Foetus is the one-man music operation of J.G. Thirlwell who writes, composes and performs all the tracks with occasional outside help. Soak, his newest album, is a progression and expansion of Hide, which was released in 2010. Thirlwell concurrently released an instrumental soundtrack to The Blue Eyes, a film by Eva Aridjis, under his own name.
Soak is worthy of the tag modern psychedelia. Thirlwell includes a non-stop range of sounds with accompanying emotions. Each song is it’s own journey down and sometimes up the rabbit hole, taking the listeners on a roller coaster ride of music.

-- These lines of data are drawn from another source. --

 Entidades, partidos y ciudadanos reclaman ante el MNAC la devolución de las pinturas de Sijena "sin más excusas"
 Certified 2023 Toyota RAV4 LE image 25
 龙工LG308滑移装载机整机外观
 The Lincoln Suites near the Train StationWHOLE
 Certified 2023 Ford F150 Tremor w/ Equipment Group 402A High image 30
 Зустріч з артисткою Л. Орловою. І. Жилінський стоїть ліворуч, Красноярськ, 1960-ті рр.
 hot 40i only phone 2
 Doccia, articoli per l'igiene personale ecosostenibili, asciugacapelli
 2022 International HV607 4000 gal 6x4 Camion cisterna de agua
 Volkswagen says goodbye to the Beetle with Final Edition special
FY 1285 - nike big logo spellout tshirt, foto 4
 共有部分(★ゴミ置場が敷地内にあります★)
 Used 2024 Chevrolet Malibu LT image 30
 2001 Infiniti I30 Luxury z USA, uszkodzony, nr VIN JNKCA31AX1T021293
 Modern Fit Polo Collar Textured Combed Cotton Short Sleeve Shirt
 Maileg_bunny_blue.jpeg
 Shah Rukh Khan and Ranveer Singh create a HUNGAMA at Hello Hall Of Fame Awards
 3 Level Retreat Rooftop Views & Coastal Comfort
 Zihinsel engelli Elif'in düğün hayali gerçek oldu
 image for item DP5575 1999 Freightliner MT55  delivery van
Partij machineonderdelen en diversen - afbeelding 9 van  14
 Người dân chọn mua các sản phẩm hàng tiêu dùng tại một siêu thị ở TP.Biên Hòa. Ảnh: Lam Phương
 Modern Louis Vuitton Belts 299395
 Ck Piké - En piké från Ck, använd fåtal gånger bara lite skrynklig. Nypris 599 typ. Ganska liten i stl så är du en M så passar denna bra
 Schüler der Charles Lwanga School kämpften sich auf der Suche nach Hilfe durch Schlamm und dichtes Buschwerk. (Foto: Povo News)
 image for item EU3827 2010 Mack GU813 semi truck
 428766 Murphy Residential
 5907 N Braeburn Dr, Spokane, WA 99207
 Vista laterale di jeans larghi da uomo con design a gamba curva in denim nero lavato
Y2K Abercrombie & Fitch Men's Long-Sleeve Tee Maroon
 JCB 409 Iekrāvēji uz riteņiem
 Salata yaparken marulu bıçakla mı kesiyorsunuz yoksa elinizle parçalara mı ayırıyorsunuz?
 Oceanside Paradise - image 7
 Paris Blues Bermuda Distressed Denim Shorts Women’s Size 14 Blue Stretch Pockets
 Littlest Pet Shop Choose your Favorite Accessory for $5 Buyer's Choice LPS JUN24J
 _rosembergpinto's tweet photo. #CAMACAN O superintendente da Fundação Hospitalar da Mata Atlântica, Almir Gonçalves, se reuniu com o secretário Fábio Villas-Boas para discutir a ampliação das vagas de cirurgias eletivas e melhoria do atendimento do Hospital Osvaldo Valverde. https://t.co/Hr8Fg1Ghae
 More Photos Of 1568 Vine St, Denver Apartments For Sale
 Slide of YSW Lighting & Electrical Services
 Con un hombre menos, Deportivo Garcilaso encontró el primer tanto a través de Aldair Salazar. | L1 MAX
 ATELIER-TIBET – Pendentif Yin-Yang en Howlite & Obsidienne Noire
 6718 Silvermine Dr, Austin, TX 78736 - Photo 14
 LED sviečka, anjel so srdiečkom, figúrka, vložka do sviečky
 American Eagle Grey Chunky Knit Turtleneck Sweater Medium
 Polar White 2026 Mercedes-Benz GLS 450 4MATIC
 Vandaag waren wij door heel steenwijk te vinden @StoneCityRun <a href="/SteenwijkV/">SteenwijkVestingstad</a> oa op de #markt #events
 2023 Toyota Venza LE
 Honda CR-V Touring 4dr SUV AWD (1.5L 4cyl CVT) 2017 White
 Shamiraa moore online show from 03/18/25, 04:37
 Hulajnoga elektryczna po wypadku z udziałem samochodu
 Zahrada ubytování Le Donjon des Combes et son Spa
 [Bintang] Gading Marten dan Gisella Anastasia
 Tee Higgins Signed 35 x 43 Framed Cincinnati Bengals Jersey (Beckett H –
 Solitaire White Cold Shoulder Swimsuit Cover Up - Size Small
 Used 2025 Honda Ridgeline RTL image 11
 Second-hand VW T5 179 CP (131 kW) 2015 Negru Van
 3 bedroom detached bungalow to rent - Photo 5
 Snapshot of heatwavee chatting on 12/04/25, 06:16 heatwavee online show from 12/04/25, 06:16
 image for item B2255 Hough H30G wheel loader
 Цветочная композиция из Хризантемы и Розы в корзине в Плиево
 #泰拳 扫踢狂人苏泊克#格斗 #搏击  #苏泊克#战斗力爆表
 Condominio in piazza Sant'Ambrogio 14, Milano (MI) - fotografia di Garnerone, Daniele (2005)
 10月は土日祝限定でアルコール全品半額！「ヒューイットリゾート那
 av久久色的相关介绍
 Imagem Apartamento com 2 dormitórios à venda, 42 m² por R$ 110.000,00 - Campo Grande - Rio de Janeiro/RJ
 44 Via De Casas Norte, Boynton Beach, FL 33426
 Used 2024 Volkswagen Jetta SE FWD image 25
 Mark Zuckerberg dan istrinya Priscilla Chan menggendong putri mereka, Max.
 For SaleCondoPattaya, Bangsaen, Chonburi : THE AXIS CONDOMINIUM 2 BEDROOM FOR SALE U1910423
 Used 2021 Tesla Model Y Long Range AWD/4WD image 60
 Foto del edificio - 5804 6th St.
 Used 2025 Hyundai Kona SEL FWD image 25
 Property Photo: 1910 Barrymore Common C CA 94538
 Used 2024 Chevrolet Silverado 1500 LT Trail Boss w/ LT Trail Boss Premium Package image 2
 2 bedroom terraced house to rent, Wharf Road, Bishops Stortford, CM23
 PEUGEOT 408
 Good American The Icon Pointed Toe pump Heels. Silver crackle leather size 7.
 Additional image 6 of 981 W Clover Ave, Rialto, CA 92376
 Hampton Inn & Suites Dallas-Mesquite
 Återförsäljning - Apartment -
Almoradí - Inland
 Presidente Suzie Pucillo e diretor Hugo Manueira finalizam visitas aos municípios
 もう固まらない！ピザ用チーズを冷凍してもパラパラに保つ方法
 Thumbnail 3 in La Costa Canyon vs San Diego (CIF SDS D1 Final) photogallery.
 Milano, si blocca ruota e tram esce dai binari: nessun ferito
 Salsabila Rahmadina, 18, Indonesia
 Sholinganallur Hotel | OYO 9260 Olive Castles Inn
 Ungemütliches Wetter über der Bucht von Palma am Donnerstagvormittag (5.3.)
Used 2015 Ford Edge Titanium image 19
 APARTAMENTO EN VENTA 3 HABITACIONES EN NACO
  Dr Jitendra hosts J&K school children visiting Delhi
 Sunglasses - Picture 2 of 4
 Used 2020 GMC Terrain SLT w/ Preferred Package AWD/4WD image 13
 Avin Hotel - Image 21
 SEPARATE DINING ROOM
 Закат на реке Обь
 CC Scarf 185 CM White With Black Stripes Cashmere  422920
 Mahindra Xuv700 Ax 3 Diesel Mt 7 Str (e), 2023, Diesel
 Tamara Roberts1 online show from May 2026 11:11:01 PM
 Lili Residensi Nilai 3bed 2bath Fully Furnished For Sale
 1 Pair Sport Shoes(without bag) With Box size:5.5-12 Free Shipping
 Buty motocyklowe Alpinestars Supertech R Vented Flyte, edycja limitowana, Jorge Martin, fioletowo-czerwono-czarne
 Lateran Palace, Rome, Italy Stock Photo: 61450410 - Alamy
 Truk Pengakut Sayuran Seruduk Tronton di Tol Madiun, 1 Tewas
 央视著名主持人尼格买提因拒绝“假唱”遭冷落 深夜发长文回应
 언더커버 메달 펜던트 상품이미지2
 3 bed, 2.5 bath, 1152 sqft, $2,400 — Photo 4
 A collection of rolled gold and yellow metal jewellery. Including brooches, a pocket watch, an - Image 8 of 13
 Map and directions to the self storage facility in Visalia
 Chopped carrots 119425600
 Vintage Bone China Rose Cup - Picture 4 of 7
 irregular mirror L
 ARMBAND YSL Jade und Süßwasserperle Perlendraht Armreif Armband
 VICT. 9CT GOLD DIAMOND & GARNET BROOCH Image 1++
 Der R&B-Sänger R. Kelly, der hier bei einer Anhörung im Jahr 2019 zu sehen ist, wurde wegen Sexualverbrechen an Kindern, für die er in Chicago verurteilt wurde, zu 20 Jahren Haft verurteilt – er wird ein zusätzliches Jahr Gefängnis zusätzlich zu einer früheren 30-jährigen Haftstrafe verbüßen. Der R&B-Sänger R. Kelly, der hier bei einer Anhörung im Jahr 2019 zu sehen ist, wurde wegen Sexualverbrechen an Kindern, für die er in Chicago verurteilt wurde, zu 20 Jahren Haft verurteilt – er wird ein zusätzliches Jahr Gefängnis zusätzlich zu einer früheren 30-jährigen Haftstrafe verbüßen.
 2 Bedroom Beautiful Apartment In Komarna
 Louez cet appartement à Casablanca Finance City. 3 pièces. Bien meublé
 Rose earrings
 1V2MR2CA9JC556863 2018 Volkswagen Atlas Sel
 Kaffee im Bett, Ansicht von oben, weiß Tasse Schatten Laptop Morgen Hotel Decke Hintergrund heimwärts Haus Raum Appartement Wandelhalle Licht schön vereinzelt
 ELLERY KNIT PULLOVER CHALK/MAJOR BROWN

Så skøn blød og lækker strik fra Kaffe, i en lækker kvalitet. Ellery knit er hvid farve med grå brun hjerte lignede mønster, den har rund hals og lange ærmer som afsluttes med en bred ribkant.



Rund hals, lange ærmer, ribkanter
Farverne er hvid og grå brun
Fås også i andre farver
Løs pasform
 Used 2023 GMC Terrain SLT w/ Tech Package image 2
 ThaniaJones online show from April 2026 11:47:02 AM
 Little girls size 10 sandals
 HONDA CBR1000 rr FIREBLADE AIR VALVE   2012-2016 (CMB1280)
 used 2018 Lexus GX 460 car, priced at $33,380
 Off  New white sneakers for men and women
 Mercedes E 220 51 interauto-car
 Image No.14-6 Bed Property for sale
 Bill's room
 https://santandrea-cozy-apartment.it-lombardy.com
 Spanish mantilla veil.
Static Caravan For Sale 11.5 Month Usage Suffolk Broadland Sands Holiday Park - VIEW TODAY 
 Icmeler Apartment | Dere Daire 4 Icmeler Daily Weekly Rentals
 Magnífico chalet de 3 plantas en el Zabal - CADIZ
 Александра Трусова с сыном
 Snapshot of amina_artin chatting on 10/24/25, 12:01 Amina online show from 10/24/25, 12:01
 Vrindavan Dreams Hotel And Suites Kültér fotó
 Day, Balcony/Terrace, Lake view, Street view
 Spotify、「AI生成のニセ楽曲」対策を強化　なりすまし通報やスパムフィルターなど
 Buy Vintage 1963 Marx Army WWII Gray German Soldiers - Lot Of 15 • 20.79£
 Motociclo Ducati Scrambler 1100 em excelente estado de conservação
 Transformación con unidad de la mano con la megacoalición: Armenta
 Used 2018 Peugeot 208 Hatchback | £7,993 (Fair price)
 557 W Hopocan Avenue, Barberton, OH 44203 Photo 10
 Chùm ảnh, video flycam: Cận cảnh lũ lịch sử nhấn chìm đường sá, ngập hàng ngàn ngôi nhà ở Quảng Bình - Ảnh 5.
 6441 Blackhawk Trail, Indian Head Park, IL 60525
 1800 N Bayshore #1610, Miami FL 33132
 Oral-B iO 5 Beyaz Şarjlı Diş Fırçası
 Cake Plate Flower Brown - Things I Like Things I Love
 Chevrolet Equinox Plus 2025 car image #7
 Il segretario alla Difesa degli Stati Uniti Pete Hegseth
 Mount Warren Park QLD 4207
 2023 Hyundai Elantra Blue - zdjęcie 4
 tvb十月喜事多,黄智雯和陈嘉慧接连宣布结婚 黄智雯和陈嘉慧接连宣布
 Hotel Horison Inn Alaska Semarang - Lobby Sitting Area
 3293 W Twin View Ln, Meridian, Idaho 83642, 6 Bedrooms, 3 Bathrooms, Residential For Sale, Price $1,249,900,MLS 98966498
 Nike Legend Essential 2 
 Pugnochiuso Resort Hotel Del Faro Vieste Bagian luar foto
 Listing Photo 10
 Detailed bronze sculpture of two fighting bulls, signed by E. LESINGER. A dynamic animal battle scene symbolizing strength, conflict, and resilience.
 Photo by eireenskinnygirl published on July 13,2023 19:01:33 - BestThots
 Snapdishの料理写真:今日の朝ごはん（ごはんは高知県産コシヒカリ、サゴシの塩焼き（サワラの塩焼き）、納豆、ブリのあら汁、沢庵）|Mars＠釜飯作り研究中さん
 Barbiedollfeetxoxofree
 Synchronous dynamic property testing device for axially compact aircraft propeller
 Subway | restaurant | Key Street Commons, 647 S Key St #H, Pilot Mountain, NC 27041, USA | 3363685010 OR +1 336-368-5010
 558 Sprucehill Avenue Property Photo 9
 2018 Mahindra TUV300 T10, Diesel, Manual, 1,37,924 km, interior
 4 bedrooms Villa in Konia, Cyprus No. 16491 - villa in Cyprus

Thirlwell starts the album with trumpets blazing and all the flair of a marching band in “Red and Black and Gray and White.” Followed by “Pratheism,” an operatic song that gave me a chilling image of people in hooded capes in some underground venue. Later on, he lightens the mood with “Kamikaze,” which is reminiscent of the Beatles if they took a few more hits of acid. “Spat” is perhaps the most intense song on the album; it conjures up feelings of being chased down a dark alley only to end up in Satan’s lair. Thirlwell concludes with “Mesmerin,” a relativity light-sounding track, which leaves one feeling relived to have made it through the journey.
Soak is over-the-top, slightly deranged and definitely unique. There is nothing else that can compare to the sounds produced on this album. It takes one on a mind-altering excursion of sound and sensation. Thirlwell pushes the envelope indeed. I admire his artistic expression and willingness to try anything for the sake of art.